For this project, I’m using a much different approach this time. Because the cost of the fine-grained historic data is beyond what most retail traders could even conceive paying for, I’m going to demonstrate how I plan on starting to collect sufficient data for my trading algorithm. I will leave some pieces out on how I do this that are too proprietary to give away without some thought about the impact of doing so, but I’ll show you how to get the data, and I’ll suggest other data points that I’m considering. I have one specific strategy in mind, and from my own experience, I understand what patterns my brain sees. I’m hoping to train a model to see the same fleeting pieces of alpha that I look at, and discover if it’s possible to build a model that can outperform me at doing so. Claude has captured most of my thinking and seems to understand what I’m getting at. Keep in mind that this is showing a roll up on the S&P – you could also look at other sectors such as SOX, RTY small-caps, NASDAQ growth stock, energy sector, defensives to name a few. Seeing how the constituents are moving together is great, but you can see shifts in the market by looking at sectors of the index as a whole. As a final note, please note that this looks okay to me, but I haven’t inspected the input and output data closely yet.

In the fast-paced world of trading, having access to real-time market breadth indicators can give you a significant edge. Today, we’re going to dive into a powerful Python script that calculates key market breadth indicators for the S&P 500 index. Whether you’re a day trader, swing trader, or long-term investor, these indicators can provide valuable insights into market sentiment and potential trend reversals.

What Are Market Breadth Indicators?

Market breadth indicators help traders and analysts gauge the overall health of the market by looking at the number of advancing stocks versus declining stocks, as well as the volume associated with these movements. Some key indicators include:

  1. Advance-Decline Line (AD Line)
  2. Up Volume (UVOL)
  3. Down Volume (DVOL)
  4. Volume Difference (VOLD)
  5. Volume Ratio (VOLD Ratio)

These indicators can signal whether a market move is supported by a broad base of stocks or just a few heavy hitters, helping you make more informed trading decisions.

The Python Script

Our Python script leverages the power of yfinance to fetch real-time data for all S&P 500 stocks and calculate these indicators. Here’s what the script does:

  1. Fetches the list of S&P 500 stocks using pytickersymbols.
  2. Retrieves 5-minute interval data for each stock over the past trading day.
  3. Calculates the number of advancing and declining stocks for each interval.
  4. Computes volume-based indicators (UVOL, DVOL, VOLD, VOLD Ratio).
  5. Outputs the results to a CSV file for further analysis.
import yfinance as yf
import pandas as pd
import numpy as np
from datetime import datetime, timedelta
import pytz
from pytickersymbols import PyTickerSymbols

def get_spx_tickers():
stock_data = PyTickerSymbols()
tickers = stock_data.get_sp_500_nyc_yahoo_tickers()
return [ticker.replace('$', '') for ticker in tickers]

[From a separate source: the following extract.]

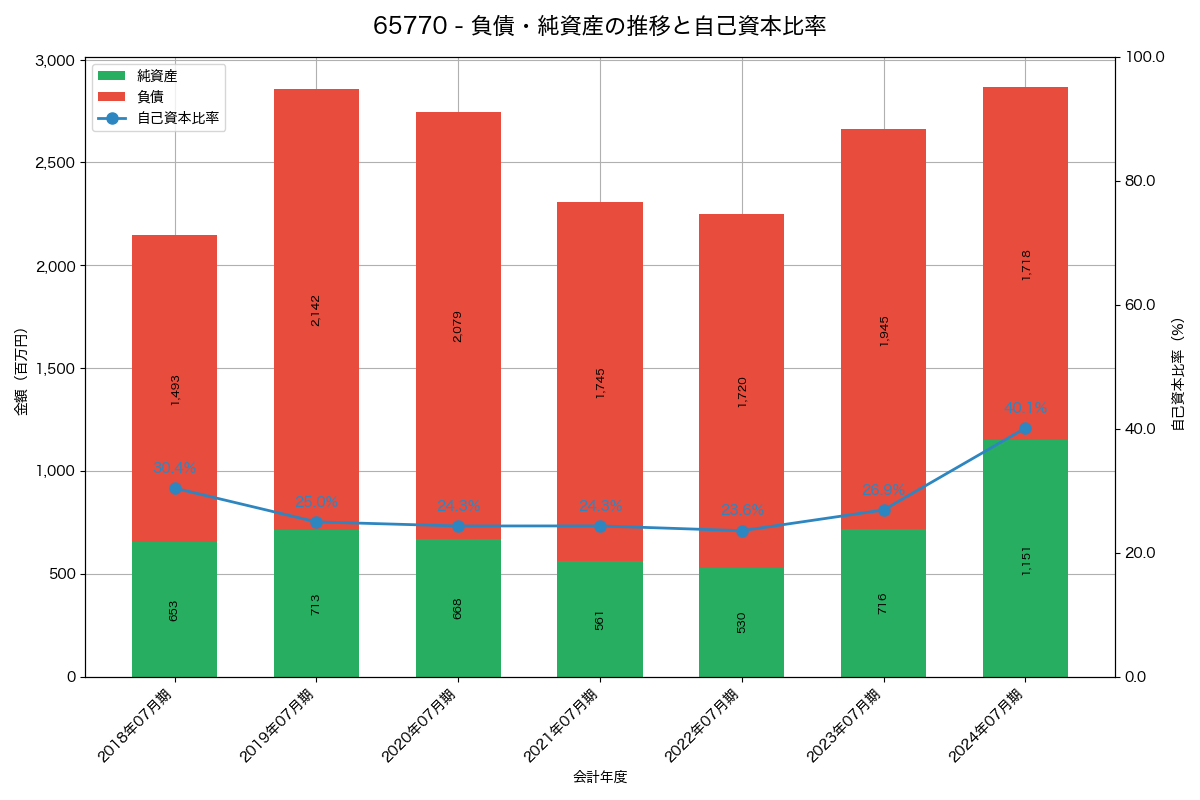 負債・純資産と自己資本比率の推移グラフ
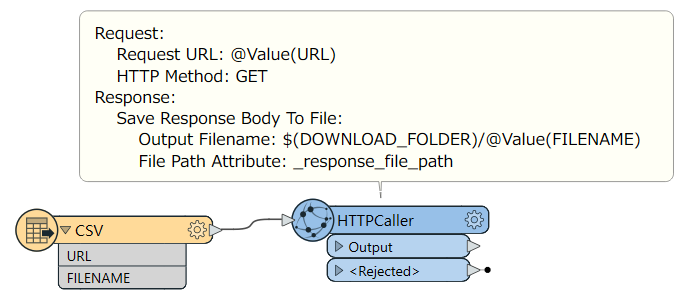 csv-reader-httpcaller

def get_market_open_close(date):
ny_tz = pytz.timezone('America/New_York')
open_time = ny_tz.localize(datetime.combine(date, datetime.min.time())).replace(hour=9, minute=30)
close_time = open_time.replace(hour=12, minute=30) # 3 hours after market open
return open_time, close_time

def calculate_indicators(tickers, date):
ny_tz = pytz.timezone('America/New_York')
start_time, end_time = get_market_open_close(date)

all_data = {}
for ticker in tickers:
print(f"Fetching data for {ticker}")
try:
stock = yf.Ticker(ticker)
data = stock.history(start=start_time, end=end_time, interval="1m")
if not data.empty:
all_data[ticker] = data[['Open', 'High', 'Low', 'Close', 'Volume']]
else:
print(f"No data available for {ticker}")
except Exception as e:
print(f"Error fetching data for {ticker}: {e}")

if not all_data:
print("No data available for any ticker.")
return pd.DataFrame(), pd.DataFrame()

# Create a common index for all data
common_index = pd.date_range(start=start_time, end=end_time, freq='1min')

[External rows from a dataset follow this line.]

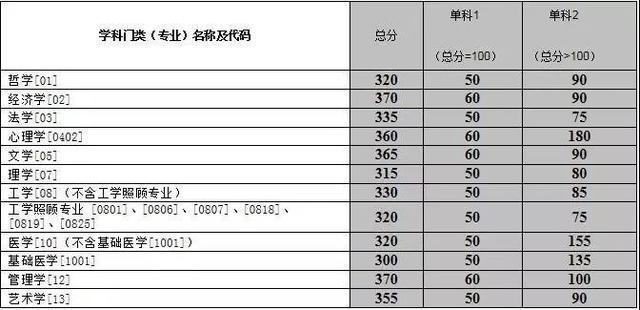 北大，清华，复旦，浙大，川大，武大…22所高校2019考研分数线，收藏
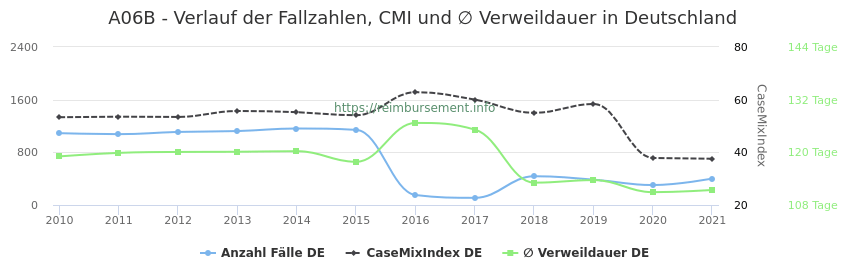 Verlauf der Fallzahlen, CMI und ∅ Verweildauer in Deutschland in der Fallpauschale A06B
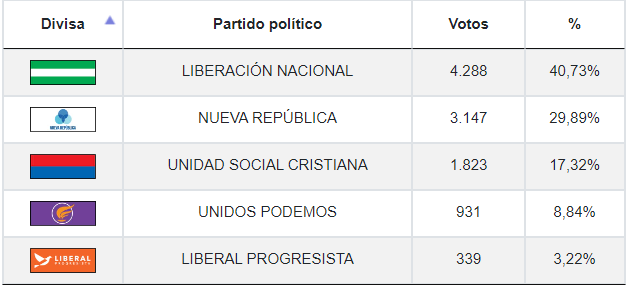Resultados de elecciones municipales en Corredores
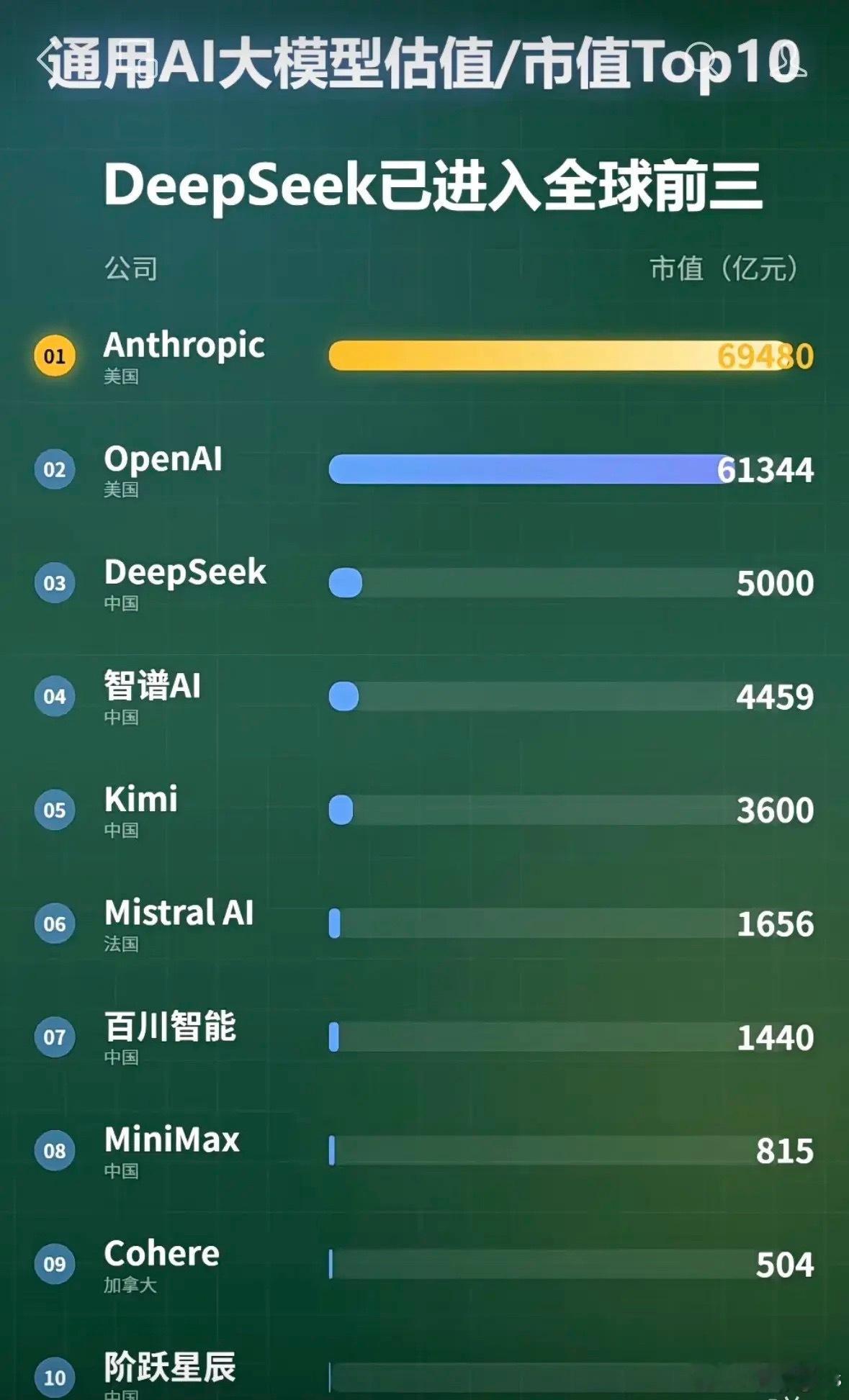 Deepseek挤进去全球前三 ​​​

# Reindex all dataframes to the common index
for ticker in all_data:
all_data[ticker] = all_data[ticker].reindex(common_index)

# Combine all OHLCV data
combined_data = pd.concat(all_data, axis=1)
combined_data.columns = pd.MultiIndex.from_product([all_data.keys(), ['Open', 'High', 'Low', 'Close', 'Volume']])

# Calculate indicators
indicators = pd.DataFrame(index=combined_data.index)
price_changes = combined_data.xs('Close', axis=1, level=1).pct_change()
volume_data = combined_data.xs('Volume', axis=1, level=1)

indicators['Advances'] = (price_changes > 0).sum(axis=1)
indicators['Declines'] = (price_changes < 0).sum(axis=1)
indicators['Unchanged'] = (price_changes == 0).sum(axis=1)
indicators['AD_Line'] = (indicators['Advances'] - indicators['Declines']).cumsum()

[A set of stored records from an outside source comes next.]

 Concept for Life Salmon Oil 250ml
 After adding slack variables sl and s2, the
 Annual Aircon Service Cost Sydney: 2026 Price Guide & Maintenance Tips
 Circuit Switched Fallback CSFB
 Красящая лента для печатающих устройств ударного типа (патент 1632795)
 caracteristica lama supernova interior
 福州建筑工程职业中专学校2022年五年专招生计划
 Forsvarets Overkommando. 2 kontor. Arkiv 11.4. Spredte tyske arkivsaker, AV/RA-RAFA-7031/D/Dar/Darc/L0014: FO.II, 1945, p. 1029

# Calculate cumulative UVOL and DVOL
uvol_per_period = volume_data[price_changes > 0].sum(axis=1)
dvol_per_period = volume_data[price_changes < 0].sum(axis=1)

indicators['UVOL'] = uvol_per_period.cumsum()
indicators['DVOL'] = dvol_per_period.cumsum()
indicators['VOLD'] = indicators['UVOL'] - indicators['DVOL']
indicators['VOLD_Ratio'] = indicators['UVOL'] / indicators['DVOL']

return combined_data, indicators

def main():
tickers = get_spx_tickers()
print(f"Number of tickers: {len(tickers)}")

ny_tz = pytz.timezone('America/New_York')
today = datetime.now(ny_tz).date()

ohlcv_data, indicators_data = calculate_indicators(tickers, today)

date_str = today.strftime('%Y-%m-%d')
ohlcv_data.to_csv(f'spx_ohlcv_{date_str}.csv')
indicators_data.to_csv(f'spx_indicators_{date_str}.csv')

print(f"Data saved for date: {date_str}")
print(f"OHLCV data shape: {ohlcv_data.shape}")
print(f"Indicators data shape: {indicators_data.shape}")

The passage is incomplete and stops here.